Maybe a big part is because I almost never won a game in Civ IV on Prince level, while in Civ V (no matter how you play) - you can’t help but win on Prince, then King, and after that playing is pointless for me. I want a relatively fair game just like I’ve always had. The game is just a whole lot dumber whether playing as a builder or warrior - and that’s not fun nor excusable when they had a good base to work off. So maybe you’ve come to terms with loading the AI with massive bonus’s and cheats to be competetive… I (and many others) haven’t.
Enidigm
4649
They took Civ 5 in this weird minimalistic direction at the same time they took it toward Panzer General. Among other flaws. I like how “trade camps” are basically broken and nonsensical past the medieval age as well.
hong
4651
Trade camps. You know, when you camp a trade spawn point. This is obvious.
Dejin
4652
I’ve never beaten a Civ game above the Emperor level. I’m not an optimal build guy; I don’t do Infinite-City Sprawl because it’s boring, even if it might be optimal; I don’t spend time reading the CivFanatics forums to find the best stratgies; and I’m fine avoiding certain strategies if they exploit AI weakness too much. But I’ve beaten Civ V on the Deity level. This is far and away the weakest Civ AI I’ve ever seen, and I’ve been playing Civ’s since Civ 1. An even bigger concern is the poor handling of navy and air force. I haven’t played enough post-latest-patch for a full evaluation, but from many accounts it still does a horrible job with navy and air force. I don’t mind if the AI cheats, I don’t mind if the AI has production bonuses. But having the AI do goofy things with their ships or airplanes really wrecks the game.

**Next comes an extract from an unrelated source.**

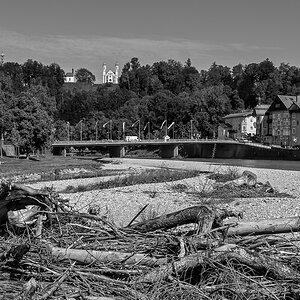 DSC_0650.jpg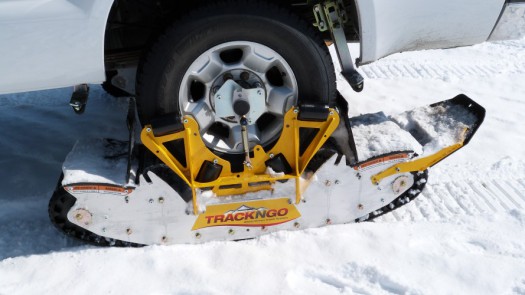 The-first-ever-wheel-driven-track-system-889x500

Meanwhile, I’ve packaged the small change that increases minimum city distance from two to three hexes in a tiny mod: Wider City Spacing. The new section contains download links along with a brief description of how to use mods.
Alstein
4654
Holy crap. That is unexpected news.
Kael
4657
We’ve been having fun making fun of Jon’s picture in that article.
You guys are mean. He looks much better and far less nerdy than Mark Zuckerberg, which I also think rules out the possibility of him ever being a billionaire.
Tell me he didn’t wear a tie to the interview?!.
Seriously congratulations to both Jon and Stardock I think this is excellent news.
Honestly not sure what to make of it, but congratulations to Mr. Shafer, all the same.